Ayer fui a ver Anna Karenina y disfruté. Sospechaba que la crítica le habría hecho trizas, como así ha sido. La crítica, estoy segura, no ha leído a Tolstoi. No en todos los casos. Pero alegar discrepancias entre texto original y adaptación al cine siempre es un misil certero en línea de flotación del público, aunque tampoco se haya leído la novela.

Me temo que no he leído Anna Karenina, que los dioses me perdonen. He estudiado a Tolstoi, Guerra y Paz es uno de mis novelones favoritos, y ayer, lo siento, pasé un gran rato viendo la película, envuelta en las brumas de su música, magistral, embriagada con la belleza de Keira Knightley y de los demás, absorta en el frufrú de los vestidos, las texturas y los colores (que al parecer sí han merecido premios). Admirada de cómo Joe Wright, el director, se enreda en la treta de vendernos la historia como una magnífica representación teatral donde los tonos pasteles, empolvados, los movimientos de ballet y las miradas asumen la carga de una historia sobre la pasión.

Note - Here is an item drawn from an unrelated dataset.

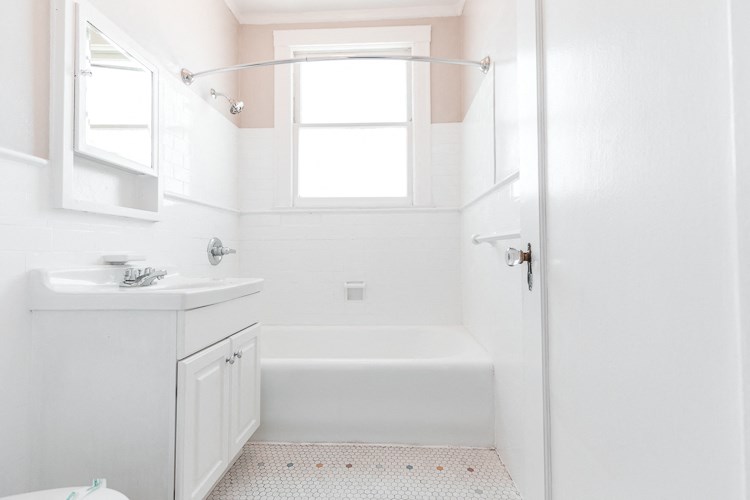 a white bathroom with a window and a sink and a shower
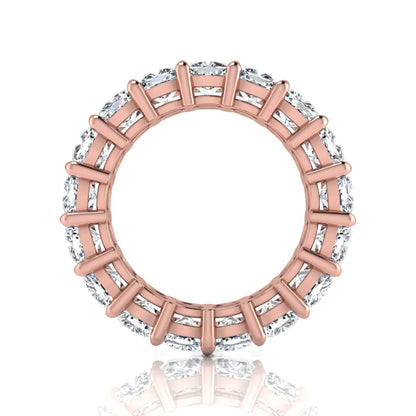 Cushion cut lab grown diamond eternity band ring featuring shared prong set diamonds with a rose gold tone design.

Eso que no queda sepultado aunque la crítica, esa que leo y algunas veces sigo, ya ha sentenciado.

“Todas las familias felices se parecen unas a otras; pero cada familia
infeliz tiene un motivo especial para sentirse desgraciada”.

Leon Tolstoi

Sí, debo leer ya Anna Karenina porque este arranque no permite detenerse. Pero ayer, insisto, me dejé llevar por la historia de la adúltera y el amor fou, y me pareció que la visión moral del Tolstoi está recogida en esa película tan denostada. Menosprecio de corte, alabanza de aldea. Pasión frente a razón. El amor puro e ideal de Levin hacia Kitty frente al arrebato de Anna y Vronsky, que sólo puede acabar con la destrucción y la muerte. Pero que quema, y mientras quema es un espectáculo y no puedes apartar la vista de sus llamas.


Seguro que todos esos críticos tienen razón y Anna Karenina está llena de errores, artificios y delirios cercanos al kitsch. Hay secuencias que parecen anuncios publicitarios, blancos nucleares imposibles, pelirrojos subidos de tono, pupilas azules tocadas con photoshop. Pero no engañan a nadie, creo que no lo pretenden. Y lejos de sentirme decepcionada me dejé llevar por su potencia, y bailé cuando bailaban, y besé cuando besaban.

Y entre razón y sentimiento, mi querido Leon Tolstoi, elegí sentimiento. Y espero no ser condenada a morir entre las vías de un tren por ello.

Y creo que una película tiene vida propia al margen del texto del que partió. Se llama adaptación libre. Coppola lo hizo con Drácula -película magnífica, desde luego- y todos le aplaudieron. Y la crítica subrayó la fidelidad de la historia a la novela.

Pues no es así. Habré leído diez veces la obra de Bram Stoker y el amor del conde que cimentó la versión Coppola brilla por su ausencia.

Los críticos, naturalmente, no habían leído la novela. Pero se creyeron el dossier. Y el boca a boca hizo el resto.